Page 2 of 2 [ 19 posts ]  Go to page Previous  1, 2

sinagua
Deinonychus
Deinonychus

User avatar

Joined: 28 Nov 2007
Age: 54
Gender: Female
Posts: 368
Location: Rhode Island

11 Dec 2007, 11:23 am

hartzofspace wrote:
EvilKimEvil wrote:
I get angry sometimes, but I just channel it into my music, art, and writing. I've only tried to get revenge once (as an adult). I called a guy and yelled at him. I regretted it afterwards, and still do.

When I was a kid, I fought back a few times while being bullied. One girl was being really mean to me, and without thinking, I shoved her. I didn't mean to hit her at all, especially not hard, but she ended up tumbling backwards down a hill. Fortunately, she was not injured. I appologized, and she left me alone from then on.

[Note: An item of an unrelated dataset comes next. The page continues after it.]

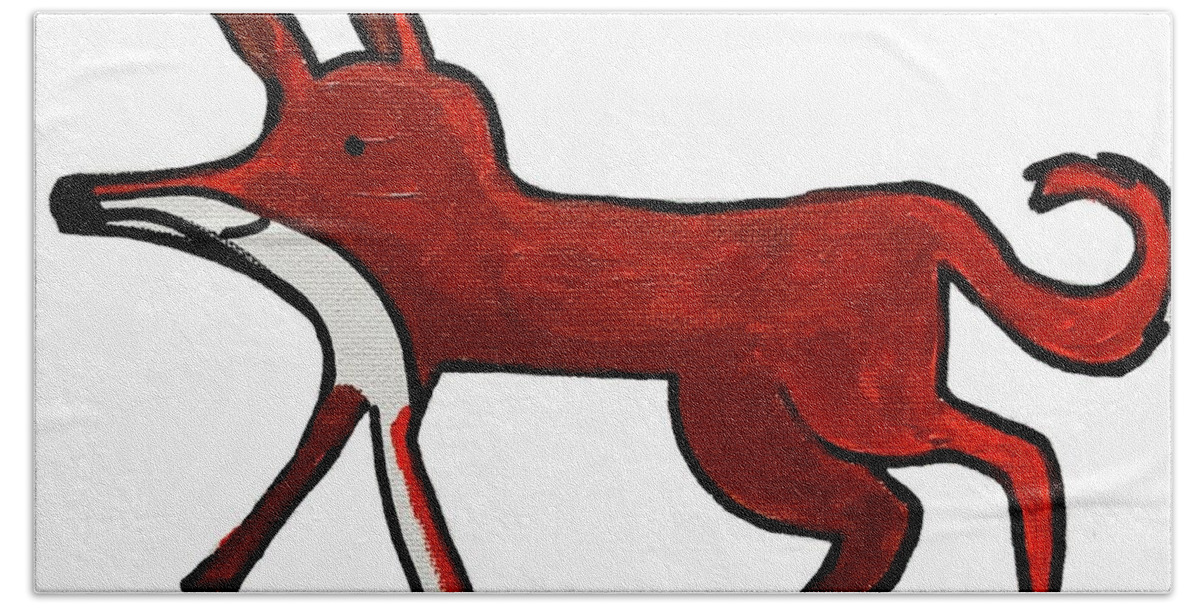  Hand Towel featuring the painting Fox by Oriel Ceballos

I don't think that was spiteful. I think it was striking back at an annoying person who was provoking you. Maybe she would think twice about her behavior, after that. But I could be wrong.


No no no - I think you're quite right! That's not spite, that's a natural and appropriate consequence of being a jerk to other kids. ;)

Glad she left you alone after that!



sinagua
Deinonychus
Deinonychus

User avatar

Joined: 28 Nov 2007
Age: 54
Gender: Female
Posts: 368
Location: Rhode Island

11 Dec 2007, 11:28 am

Spot17 wrote:
You know, in reading these posts, I'm starting to realize that my spite is pretty much an internal thing. I've been trying to think of an example of something spiteful I've done to post and I can't think of anything. I guess the closest I've come is not telling a roommate in college when my boyfriend peed in her shampoo (she so deserved it too).


LOL! That is hilarious.

Quote:
I think my spitefulness usually results in a coldness towards whoever has hurt me, even if I really want to talk to them. Chances are they don't even notice the difference (they hurt me so why would they care enough to notice?).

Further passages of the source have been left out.